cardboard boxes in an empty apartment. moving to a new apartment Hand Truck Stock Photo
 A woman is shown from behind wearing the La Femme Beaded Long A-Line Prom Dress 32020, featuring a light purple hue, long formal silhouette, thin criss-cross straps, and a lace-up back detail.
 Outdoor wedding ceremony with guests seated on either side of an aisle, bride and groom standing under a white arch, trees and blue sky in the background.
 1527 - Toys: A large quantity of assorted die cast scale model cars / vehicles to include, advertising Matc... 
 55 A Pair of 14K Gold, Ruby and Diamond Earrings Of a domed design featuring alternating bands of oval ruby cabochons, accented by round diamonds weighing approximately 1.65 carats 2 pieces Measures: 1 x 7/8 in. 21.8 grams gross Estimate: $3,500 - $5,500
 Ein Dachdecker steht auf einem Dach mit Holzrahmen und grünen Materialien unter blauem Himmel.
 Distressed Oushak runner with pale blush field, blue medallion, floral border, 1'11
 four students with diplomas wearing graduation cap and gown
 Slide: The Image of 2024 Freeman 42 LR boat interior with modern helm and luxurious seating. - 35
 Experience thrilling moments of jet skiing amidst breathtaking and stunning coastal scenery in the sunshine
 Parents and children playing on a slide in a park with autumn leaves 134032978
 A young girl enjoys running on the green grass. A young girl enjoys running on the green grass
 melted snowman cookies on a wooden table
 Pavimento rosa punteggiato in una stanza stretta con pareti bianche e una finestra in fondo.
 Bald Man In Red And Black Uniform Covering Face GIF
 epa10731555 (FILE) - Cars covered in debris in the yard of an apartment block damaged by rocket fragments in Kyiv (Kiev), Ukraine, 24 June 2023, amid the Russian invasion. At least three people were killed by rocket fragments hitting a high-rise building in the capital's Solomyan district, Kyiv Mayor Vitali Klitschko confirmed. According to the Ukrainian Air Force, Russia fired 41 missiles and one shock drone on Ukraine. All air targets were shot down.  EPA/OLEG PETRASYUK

PROBLEM REQUIREMENTS: Go through the records and repeat each one exactly as written.

SOLUTION TO THIS TASK:
cardboard boxes in an empty apartment. moving to a new apartment Hand Truck Stock Photo
 A woman is shown from behind wearing the La Femme Beaded Long A-Line Prom Dress 32020, featuring a light purple hue, long formal silhouette, thin criss-cross straps, and a lace-up back detail.
 Outdoor wedding ceremony with guests seated on either side of an aisle, bride and groom standing under a white arch, trees and blue sky in the background.
 1527 - Toys: A large quantity of assorted die cast scale model cars / vehicles to include, advertising Matc... 
 55 A Pair of 14K Gold, Ruby and Diamond Earrings Of a domed design featuring alternating bands of oval ruby cabochons, accented by round diamonds weighing approximately 1.65 carats 2 pieces Measures: 1 x 7/8 in. 21.8 grams gross Estimate: $3,500 - $5,500
 Ein Dachdecker steht auf einem Dach mit Holzrahmen und grünen Materialien unter blauem Himmel.
 Distressed Oushak runner with pale blush field, blue medallion, floral border, 1'11
 four students with diplomas wearing graduation cap and gown
 Slide: The Image of 2024 Freeman 42 LR boat interior with modern helm and luxurious seating. - 35
 Experience thrilling moments of jet skiing amidst breathtaking and stunning coastal scenery in the sunshine
 Parents and children playing on a slide in a park with autumn leaves 134032978
 A young girl enjoys running on the green grass. A young girl enjoys running on the green grass
 melted snowman cookies on a wooden table
 Pavimento rosa punteggiato in una stanza stretta con pareti bianche e una finestra in fondo.
 Bald Man In Red And Black Uniform Covering Face GIF
 epa10731555 (FILE) - Cars covered in debris in the yard of an apartment block damaged by rocket fragments in Kyiv (Kiev), Ukraine, 24 June 2023, amid the Russian invasion. At least three people were killed by rocket fragments hitting a high-rise building in the capital's Solomyan district, Kyiv Mayor Vitali Klitschko confirmed. According to the Ukrainian Air Force, Russia fired 41 missiles and one shock drone on Ukraine. All air targets were shot down.  EPA/OLEG PETRASYUK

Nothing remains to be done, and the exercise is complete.